The Strange Physics Of Curling

It turns out that curling involves some complex physics. [Destin] of Smarter Every Day has jumped in to find out why scientists on opposite sides of the Atlantic disagree about why curling stones curl.

If you’ve been watching the Olympics, you’ve probably seen some curling, the Scottish sport of competitively pushing stones on ice. As the name implies, curling stones don’t go straight. The thrower pushes them with a bit of rotation, and the stones curve in the direction they are rotating. This is exactly the opposite of what one would expect — try it yourself with an inverted drinking glass on a smooth table.  The glass will curl opposite the direction of rotation. Clockwise spin will result in a curl to the left, counterclockwise in a curl to the right.

The cup makes sense when you think about the asymmetrical friction involved. The cup is slowing down, which means more pressure on the leading edge. The rotating leading edge pushes harder against the table and causes the cup to curl opposite the direction of rotation.

The problem is that curling stones don’t do this. Scientists at Uppsala University in Sweden believe it is due to the scratch theory — the leading edge of the stone scratches the ice as it passes, which imparts a force on the trailing edge of the stone.

Dr. Mark Shegelski from Canada’s University of Northern British Columbia disagrees. His theory is that asymmetric friction melting is at play. The stone melts the ice as it passes, creating a thin film of water which the stone rides on.

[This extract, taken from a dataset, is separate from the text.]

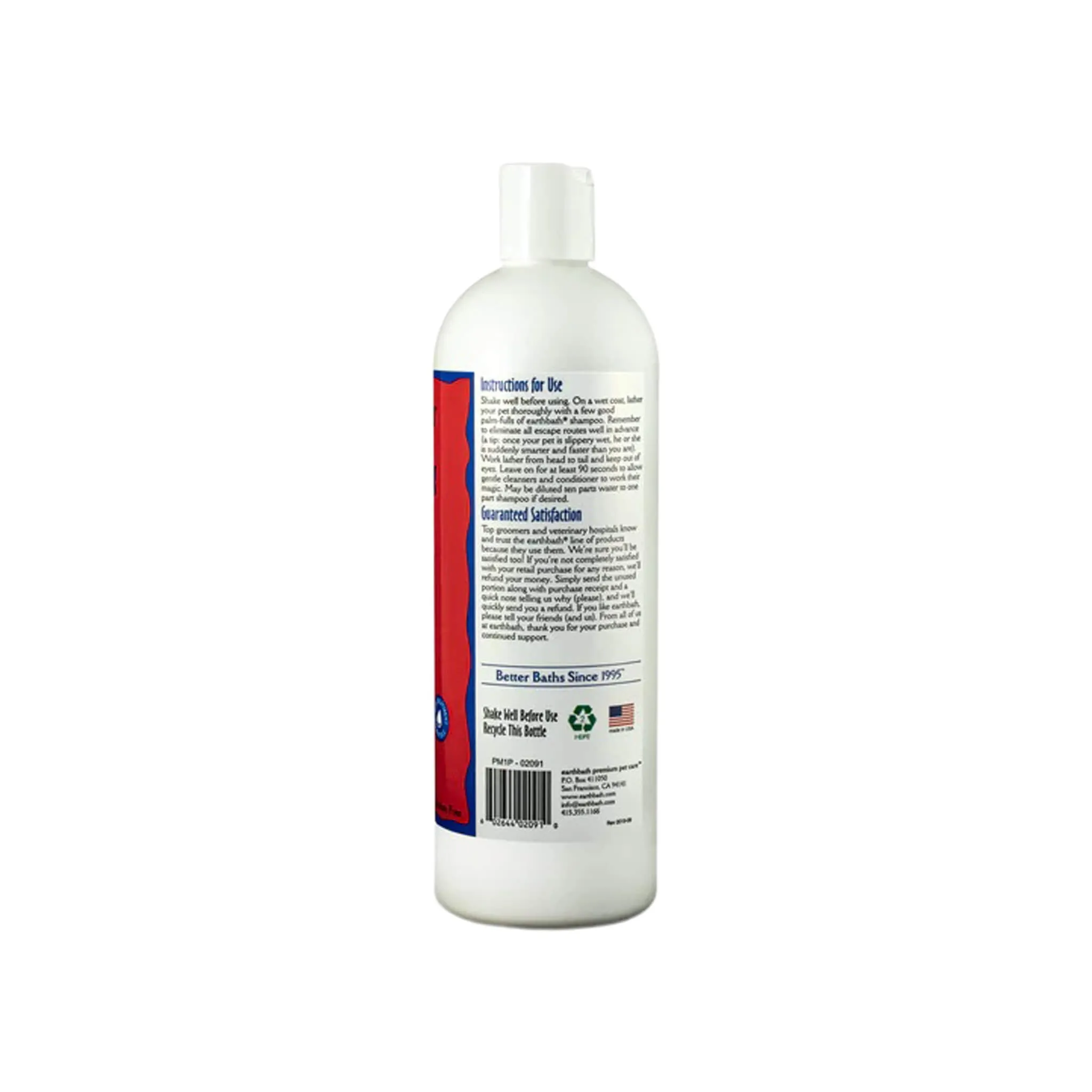 Earthbath Totally Natural Pet Care Sulfate & Paraben Free Dog & Cat Shampoo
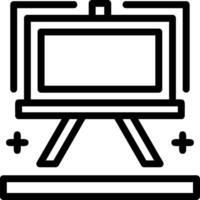 Artist's canvas Line Icon vector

It could be that both of these theories are correct — and both forces are at play. The hard part is isolating one from the other. Both scientists have done some practical experiments, but not enough to satisfy the scientific community. Can one of our hackers come up with definitive proof as to why curling stones curl the way they do? Let us know down in the comments.

We love stories that still have scientists guessing. A great example is the ball bearing motor, which we featured back in 2014.

36 thoughts on “The Strange Physics Of Curling

  1. Curling is probably the only Olympic sport I could participate in. I could be one of the broom guys.

    Now, if they ever combine surfing and skeet shooting, then there would be a second sport I could do.

    1. Many people watch curling and get that “I could do that” feeling. Obviously, you don’t need to be in peak physical condition to be an Olympic curler. However, “Easy to learn, difficult to master” applies to curling as it does to many things.

      I encourage people to try curling if they get a chance. I had a lot of fun when I did.

    2. Check on youtube something like top 15 curling shots and you will see how agile the sweepers(don’t know the term for the ice heating with broom people) are. Especially when they go for an eye of a needle shot and they must not touch anything on the way there.

    3. “I could be one of the broom guys”

      You’d think, but probably not. Being _useful_ and effective at sweeping is quite demanding in strength and balance. You’re putting as much of your weight as you can on the broom which mens you’re taking it off of your feet while hustling down a 50 yard slab of ice. It is anything but rare for someone to fall while sweeping and you could give yourself a hell of a concussion.

      It’s also quite a workout when a stone actually needs sweeping. It’s a max effort / HIIT interval. And if you’re the third guy to throw, you could be huffin’ & puffin’ while trying to make your shot…kinda like the biathletes shooting after racing around on XC skis.

      In addition…3 of the 4 players on a team will be doing a fair bit of sweeping. All 4 will throw rocks. You can’t just “be a sweeper”.

      It may look it on TV, but curling is no joke.

  2. It all started with skipping a rock across a lake… Then the lake froze in winter… So the rock got bigger… and got a handle. Now for the broom… I guess it was to brush all the smaller rocks and twigs out of the way. Or maybe how they reached the poor fellow that broke thru the ice when the stone was too heavy.

    1. I heard (years ago) that in addition to sweeping ice flakes out of the way; the sweeping action of the brooms creates a small vacuum in front of the stone. This allows the brooms handlers the ability to slightly (sleetly? -I jest!) steer the stone.

      1. The sweepers “polish” the ice, which will then be a little bit warmer as well, which helps the stone slide over the ice. Differential sweeping each side of the stone’s path can steer it a bit also.

  3. So I’ve had a couple of courses on fluid mechanics in my study programme. One of the things i always like in those derivations is to assume that you already have certain behaviour (for instance this counter-curl, or normal curl) and then you try to find out whether the behaviour will die out, be amplified or be inverted.
    Now to be honest i think this problem is quite complex, but i might actually have a look into it sometime.

  4. Why are they baffled? This is just the gyroscopic effect at work, even at these slow rotations. It’s the lack of friction and the massive weight of the stone that allows it to happen

    1. They explain in the video that your standard forces and friction apply to regular objects against a normal non pebbled ice surfaces and they move in a direction you would expect when it’s spun. Curling rocks against pebbled ice however travel in the opposite direction and that’s what they are trying to work out.

  5. OK. But if I put topspin on a tennis ball ( the top rotating forwards along the line of flight, the bottom rotating away from the direction of flight), it *dives* – curves in the direction of the spin. So something is very different with curling!